_GIVEN MATERIAL_
===============

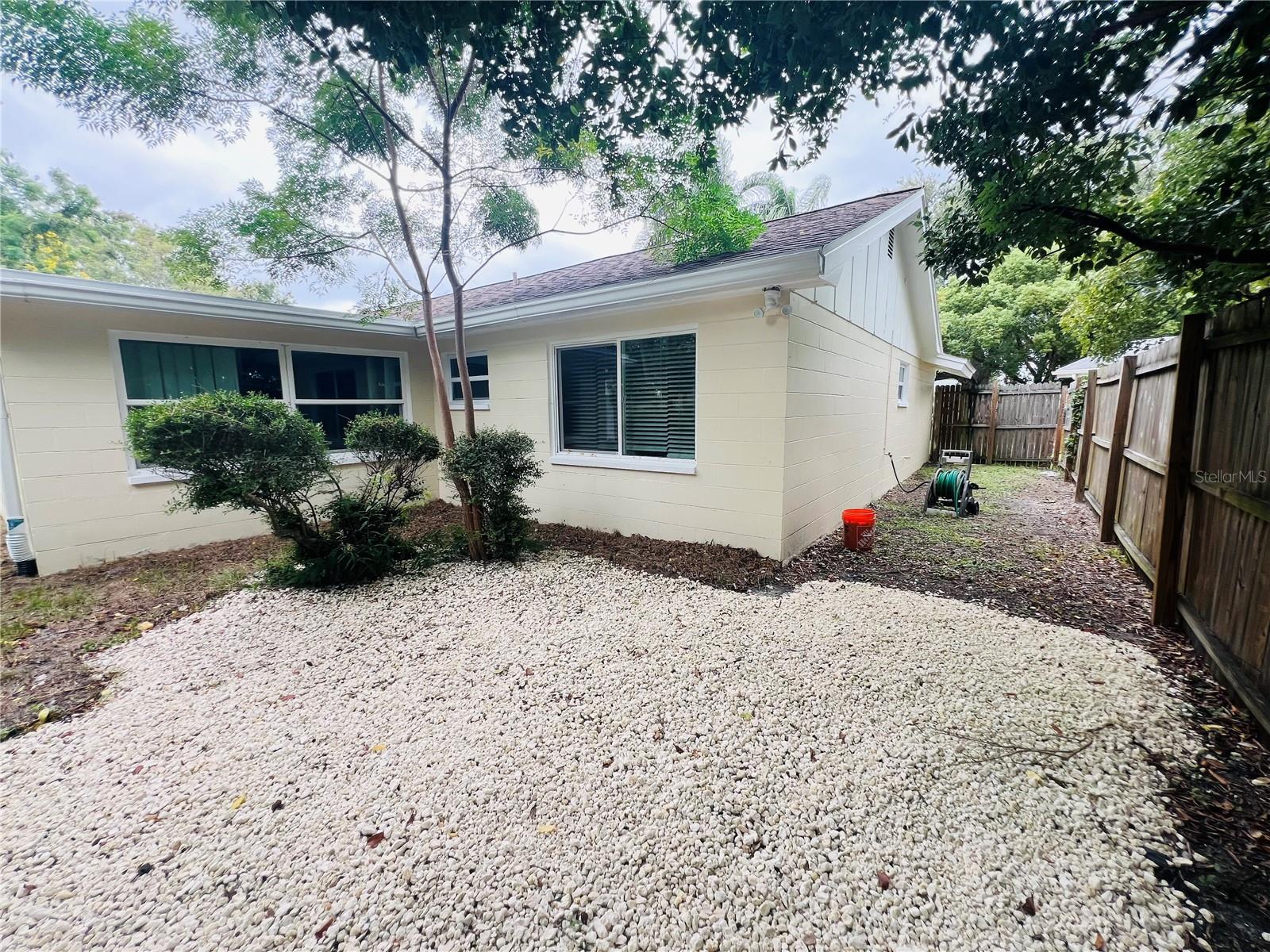 BACK YARD AND SEEING SIDE OF PROPERTY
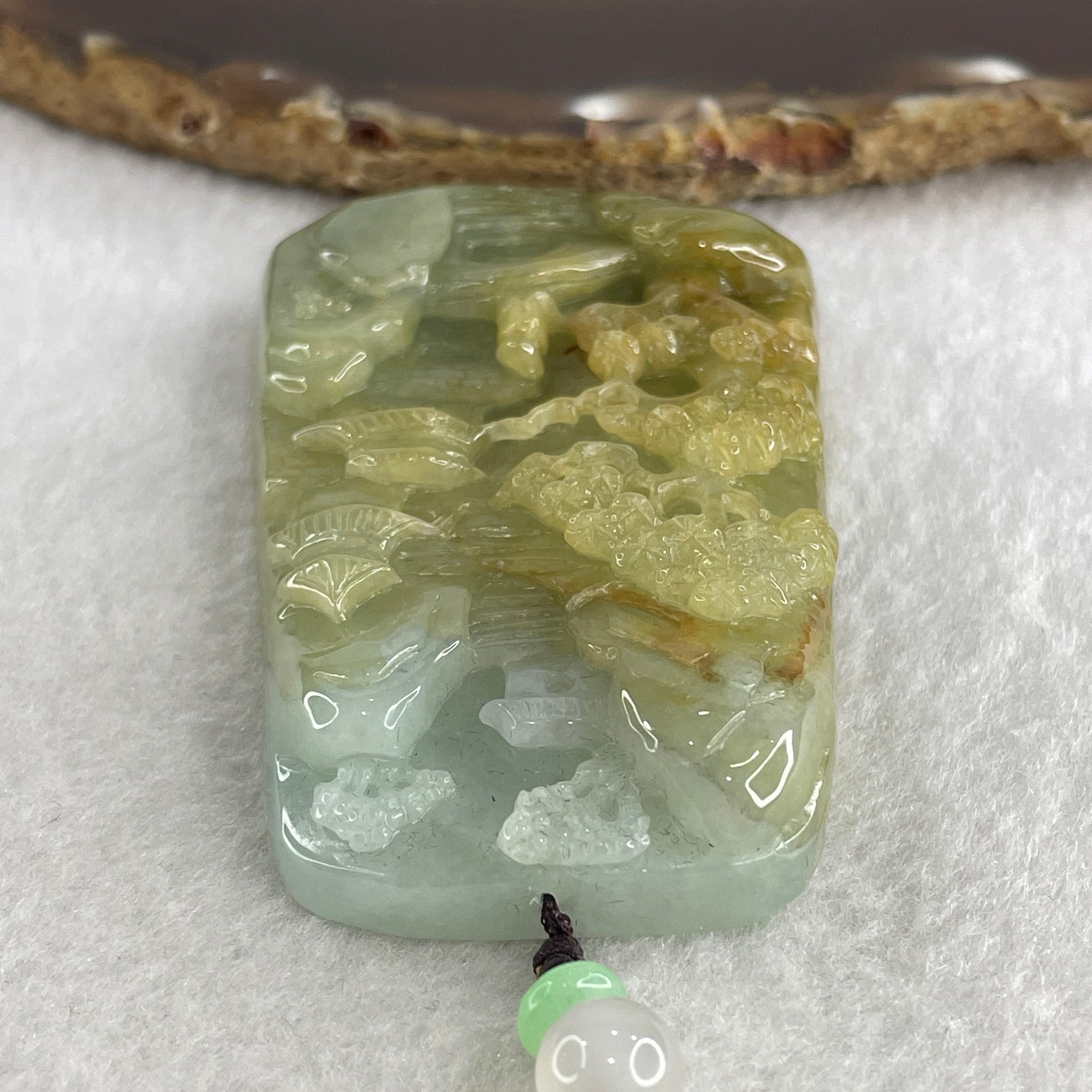 Natural Type A Yellowish Green with Sky Blue Jadeite Shan Shui with Gui Ren Benefactor Pendant 76.29g 67.4 by 43.0 by 12.0mm - Huangs Jadeite and Jewelry Pte Ltd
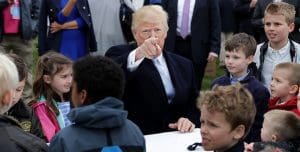 U.S. President Donald Trump (C) points to members of the news media while writing messages to military troops during the 140th annual Easter Egg Roll on the South Lawn of the White House April 2, 2018 in Washington, DC. The White House said they are expecting 30,000 children and adults to participate in the annual tradition of rolling colored eggs down the White House lawn that was started by President Rutherford B. Hayes in 1878. Chip Somodevilla / Pool via CNP ' NO WIRE SERVICE ' Photo by: Chip Somodevilla/picture-alliance/dpa/AP ImagesChip Somodevilla / Pool via CNP ' NO WIRE SERVICE ' Photo by: Chip Somodevilla/picture-alliance/dpa/AP Images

===============

_EXERCISE PROMPT_
Please return the lines above exactly, with the pictures omitted.

_WRITTEN REPLY_
 BACK YARD AND SEEING SIDE OF PROPERTY
 Natural Type A Yellowish Green with Sky Blue Jadeite Shan Shui with Gui Ren Benefactor Pendant 76.29g 67.4 by 43.0 by 12.0mm - Huangs Jadeite and Jewelry Pte Ltd
 U.S. President Donald Trump (C) points to members of the news media while writing messages to military troops during the 140th annual Easter Egg Roll on the South Lawn of the White House April 2, 2018 in Washington, DC. The White House said they are expecting 30,000 children and adults to participate in the annual tradition of rolling colored eggs down the White House lawn that was started by President Rutherford B. Hayes in 1878. Chip Somodevilla / Pool via CNP ' NO WIRE SERVICE ' Photo by: Chip Somodevilla/picture-alliance/dpa/AP ImagesChip Somodevilla / Pool via CNP ' NO WIRE SERVICE ' Photo by: Chip Somodevilla/picture-alliance/dpa/AP Images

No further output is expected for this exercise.